If you are trying to fall pregnant, but it is proving difficult, PCOS might be the culprit, says Dr Zinn. “Many women are unaware that they even have PCOS until they start trying to have a baby. Once they start treatment and their symptoms are managed, then their chances of conceiving are increased.”
QUIZ: ✓Tick the boxes below to see if you might have symptoms of PCOS
- Irregular menstrual cycle
- Thinning hair or hair loss on the scalp (male-pattern baldness).
- Acne on the face, back and chest.
- Too much hair on the face or areas where men usually have hair (hirsutism affects up to 70% of women with PCOS).
- Weight gain and difficulty losing weight.
- Darkening of skin pigmentation, along the neck, groin and under the breasts.
- Skin tags in the armpits or neck area.
How is PCOS diagnosed?
“If you think you have PCOS, make an appointment with your gynaecologist. There is no single test to diagnose PCOS, but we take your medical history and can conduct a physical exam with a pelvic ultrasound and do some blood tests,” says Dr Zinn. Dr Hellig adds: “Of utmost importance is that PCOS is a diagnosis of exclusion and it is important for your medical professional to look for other causes of your symptoms before ascribing it to PCOS.”
- Physical exam: Checks your blood pressure, BMI and waist size. Also checking for extra hair on the body, skin discolouration, hair loss and any other signs of excess testosterone such as an enlarged clitoris. It is important to exclude other health conditions.
- Pelvic ultrasound: A sonogram will examine the lining of the uterus and check the ovaries for the polycystic features.
- Blood tests: To check your androgen hormone levels, as well as other hormone checks, including your thyroid.
Can I be cured from PCOS?
8Dr Hellig explains that there is no cure for PCOS, but symptoms can be effectively managed and therefore treated. “We take into account if you want to conceive, your risk of long-term health problems, especially diabetes and cardiovascular disease, and will help formulate an effective treatment plan through lifestyle changes and medication where necessary,” she says.
What can I do to alleviate my symptoms?
Dr Hellig and Dr Zinn agree on the following steps that women can take to treat PCOS:
- Lose weight: This will help to stabilise your blood glucose levels and alleviate insulin resistance. Even a 5 – 10% loss in body weight can improve your chances of conceiving.

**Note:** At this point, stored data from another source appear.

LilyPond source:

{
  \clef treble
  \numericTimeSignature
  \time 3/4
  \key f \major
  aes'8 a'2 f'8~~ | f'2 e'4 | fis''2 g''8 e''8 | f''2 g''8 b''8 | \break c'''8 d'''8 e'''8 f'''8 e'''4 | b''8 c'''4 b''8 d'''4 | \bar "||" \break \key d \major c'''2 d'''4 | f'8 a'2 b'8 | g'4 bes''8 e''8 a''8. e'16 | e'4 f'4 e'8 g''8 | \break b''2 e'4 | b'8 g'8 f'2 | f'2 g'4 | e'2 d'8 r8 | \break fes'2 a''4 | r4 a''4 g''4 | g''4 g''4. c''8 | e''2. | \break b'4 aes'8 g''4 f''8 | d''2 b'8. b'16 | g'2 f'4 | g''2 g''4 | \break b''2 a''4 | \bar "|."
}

- Remove hair: Using facial hair removal creams, laser hair removal or electrolysis. Medication is not very effective for permanent hair removal.
- Hormonal birth control for women not wanting to conceive: Can help to regulate menstruation cycles, stabilise weight, improve acne and reduce new hair growth on face and body.
- Anti-androgen medicines: Although not safe for pregnancy, can help reduce PCOS symptoms.
- Metformin: A drug used to treat type 2 diabetes and may help some women with PCOS symptoms in certain circumstances.